■体感する
■086. 和歌山・新宮 御燈まつりに参加する (2020.2.6)
真の闇のなかで、荒ぶる自然のなかで、人がいちばん待ちのぞむものは火だ、始原の到来。火によっていのちが興り、火によっていのちが滅する。熊野の火まつ
りとは、みずから死装束をまとい、火によっておのれを滅し、火によって黄泉還(よみがえ)る再生の古代儀礼である。山上にそそり立つ太古の磐座の膝元にま
るで胎児のようにうずくまり寒さに耐えている。足指がちぎれるように痛い。満月にわずかに足りない月が仄かな光を地上に照射している。透徹としてすがすが
しい光。眼下の街の灯りが奇怪な生物の巣穴のようにも見える。しかしここは冥く冷たい、そして森厳だ。まるで死者の国のようだ。大きな石棺のなかに置き去
りにされたように感じる。めくらであり、つんぼであり、おしである。火が恋しい。火はまだか。到来が待たれる。すると、磐座の膝元で突如として火柱があが
る。奈辺の空間が朱に染まる。おおお、おおお、おおおおおおお。どこからともなくだれともなく地中から腹の底から声が響きわたり沸き起こる。われわれは太
古の原始生命である獣である。畜生であり、魚であり、河原に屹立しらあらあと唱和する一本のまったき白骨である。火はまるで王の行進のように鳥居をくぐ
り、やがて巨大な松明にうつされてまた駆けもどってくる。カンナ屑があつめられ、そこへうつされた炎がまた四方八方へところがり、先々で男たちがわれさき
と松明を重ねる。熱が頬を嬲る。煙が目鼻を刺す。熱がもどり、色がよみがえる。無機の鉱物から細胞を抱えた死すべき存在へ。だが気をつけろ。明滅した灰が
最後のモールス信号のように宙を舞っている。松明が秘匿した種火をぽろりと落とし足元をすくう。下半身を炎につつまれた少年が無言のまま岩場にくずれる。

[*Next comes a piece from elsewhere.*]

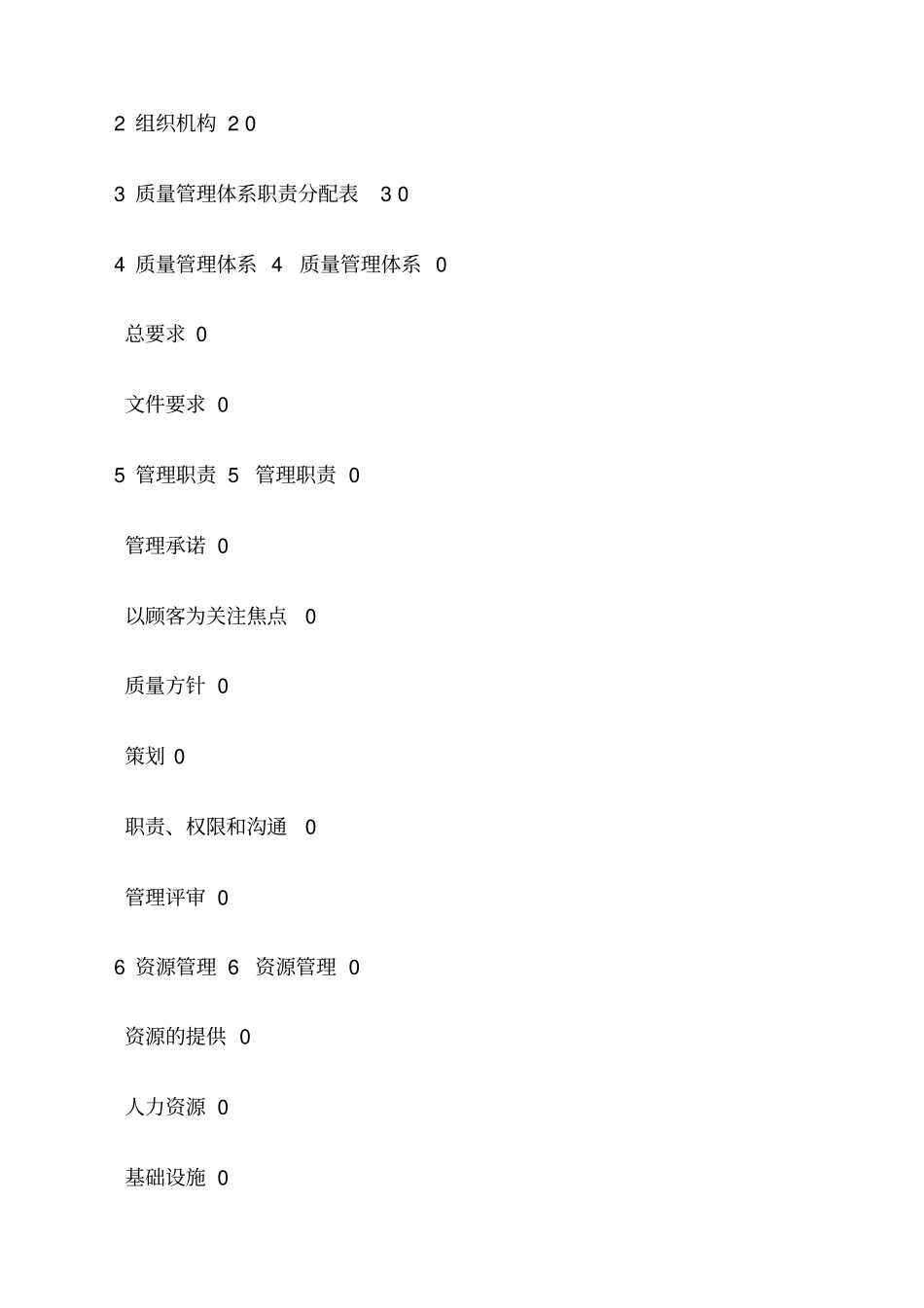 物业管理ISO质量手册_第3页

相撲取りのような男がその体躯を圧しつけて炎を圧殺しようともがく。無数の掲げられた松明の火が蛇身のようにうねっている。おれたちはいま出口をもとめて
いる! この熱と煙から解き放たれる刻を熱望している囚人のようにあらたに飛翔する夜の蛾のように。「熊野とは、農民のいない国である」と谷川雁は看破し
た。「稲作が意味を持ちえない社会に響きわたる石の音は、たちまちのうちに私たちの目と耳を不具にする」 鳥居下の門が開け放たれた。めくらであり、つん
ぼであり、おしであるおれたちは松明を掲げ、ただ黙々と暗がりの乱杭歯のような石段をころがりおちていく。火によって滅し火によって黄泉還ったわが身はあ
の土車に乗って引かれる小栗のような餓鬼阿弥であった。見えるけれど見えないめくら、聴こえるけれど聴こえないつんぼにされることの至福。畜生から、魚か
ら、一本のさみしい白骨からこの世にもどった餓鬼阿弥があああ、あああああと言葉にならぬうめきを発しながら神倉の石段を果てしなくころげおちていく。は
じまりの母音。
2020.2.11
*
かねてからの念願がかなって先日、新宮の御燈まつりに参加してきた。足袋に草鞋、白装束に身を包み、カンナ屑をライオンのたてがみのように垂らした松明を
かかげ、新宮の町をねり歩きながら「たのむぜー」とすれ違う上がり子同士で松明を叩きあう。古代の磐座でもある神倉山のゴトビキ岩の膝下で寒さに耐え、火
の到来を待ち望み、煙に燻され、解放されて暗い石段を駆け下りる体験も格別のものだったが、白装束を着て山に登れば誰だろうが隔てなくまつりの一員になっ
て町の人びとが見守ってくれる、あの一体感がいまも忘れられない。
その新宮の町で百年前に国家権力のでっちあげによって命を奪われ、存
在を踏みにじられた者たちがいた。この嶽本あゆ美さんの手になる戯曲集には、そのうちの二人の人物が登場する。一人は洋行帰りの医師であった大石誠之助。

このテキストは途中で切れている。